Is it any wonder that as bosses and managers we find most of our time spent on putting out fires? We’ve been conditioned to keep things manageable … to promote the status quo, where we think we may have some semblance of control.

But when we have a few moments to think about what’s going on in those organizations we’ve so carefully tended, we might find there is very little spark there. Like a dry forest, a “dry” workplace can cause workers to be cautious about any new idea that might “spark” something beyond the status quo.

If we find that we've become conditioned to be fire fighters, we may find that we are instinctively looking for ways to douse the spark of ideas and passion at work. If we have spark, we may have fire … and the fire may burn out of control. But if we’re so focused on putting out fires before they become blazes, we may be missing the best opportunity to engage others in bringing their ideas and creativity to work.

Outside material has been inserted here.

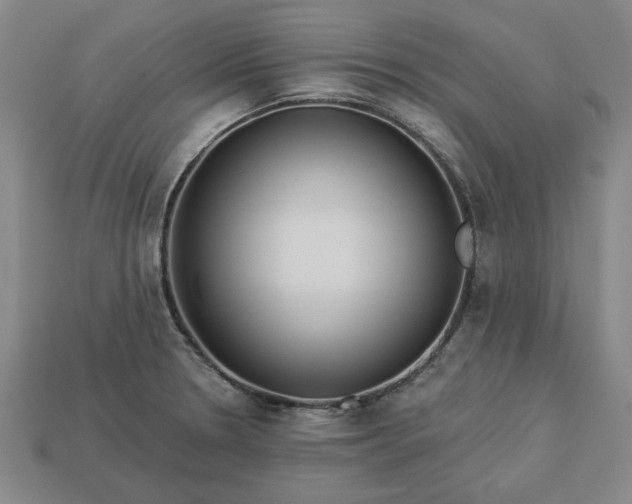 X0000113361330200909291022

Fire Fighters at work might find themselves in one of the following categories:
Fire Drill Sergeants: those who plan for the worst and look for it at every turn. Their motto might be “better safe than sorry.”
Wet Blankets – those who douse the fun by slowly killing the joy – “Well sure you could do it that way, but wouldn’t you really rather go the tried and true route?”
Flame Retardants – those who make it very difficult to sustain a spark and fan the flame because they just know it won’t work. “We tried that once back in ’85 – remember what a disaster that was?”
Fire Extinguishers – those whose job it is to squelch any activity that might lead to a new idea. “That’s not the way we do it around here.”

Of course, we do have two kinds of Fire Starters, too. The Sparklers, who provide the positive energy; and the Arsonists, who provoke gossip and stir the pot, not always in a positive way. The biggest distinction between these two is intention.

Quint Studer points out that in the earliest civilizations, Fire Starters were people who kept the flame alive. This was important, because if they were successful, the people lived. If they weren’t, the people died. Fire Starters make a difference. They are keepers of the flame. They fan the flame. They burn bright and carry the flame (or carry the torch). Fire Starters feel a connection with their purpose, they do worthwhile work, and make a difference regardless of their status. The find themselves inspired from within, not motivated from outside.

This video provided me some great inspiration as I prepared the presentation today. Even though we didn't start the fire, the fire does go on and on.

What do you think? Fire Fighter or Fire Starter? How might we support each other in keeping the sparks alive without creating a blow torch effect (as someone asked during today's session)? I'd love to hear your comments!